Rechacé las primeras 473 invitaciones para unirme a Facebook. Me parecía que entre el blog, gmail y el MSN, tenía bastantes canales por donde expresarme.
Pero un día mi hermano, que vive en el exterior, me invitó para que viera las fotos de su familia. Y no se le dice no a un hermano.
Al principio, me lo tomé con calma. Empecé a ser "amiga Facebook" de varias personas, algunas conocidos muy-muy-lejanos, otros mi propia hija. A partir de ese momento nos unió una relación especial, mucho más importante y significativa que la de madre e hija. Éramos amigas Facebook.
Después me di cuenta de que allí podía bucear en mi pasado lejano. Me conecté con gente a la que hacía 25 años que no tenía noticia. Algunos ni siquiera habían sido amigos míos, pero me quedé con la impresión de que a los 40 y algo la vida se torna algo rutinaria y que la aparición de alguien que evoque "cuando éramos jóvenes" es saludada con alegría, independientemente de lo significativa (o no) que haya sido esa persona.
También apareció mi primer novio, que ahora vive pasando un par de continentes. Es divertidísmo hablar con él, ya que 25 años más tarde ya todo presecribió y solo quedan los buenos recuerdos.
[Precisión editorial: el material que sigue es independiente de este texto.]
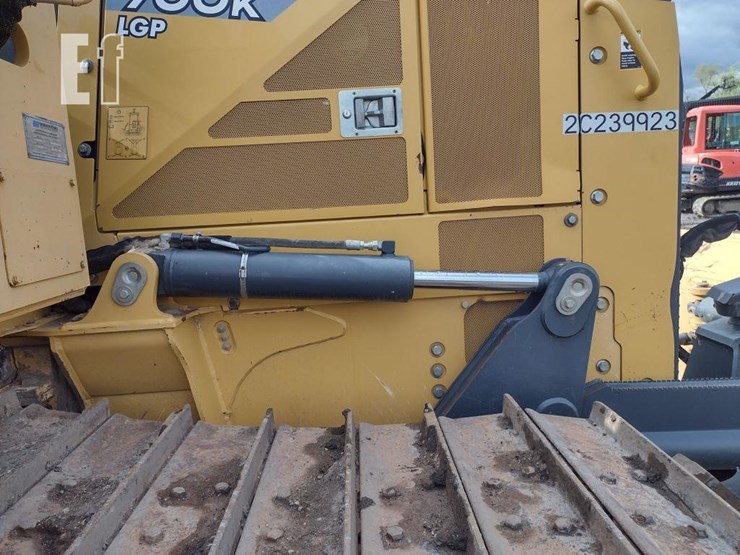 2013-deere-700k-lgp-image-42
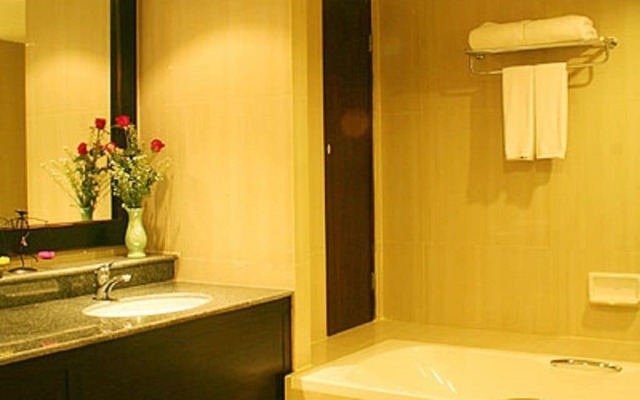 Summer Spring Hotel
Enseguida comencé a poner fotos, a sacarme fotos para poner, a subir videos, a actualizar mi estado, a unirme a grupos, a iniciar un grupo (No me pregunten más si tienen que sacarse la bombacha para hacer un Pap, que pese a su nombre algo informal, es exclusivo para profesionales de la salud), a averiguar qué clase de zapato soy o cuál es mi verdadera edad.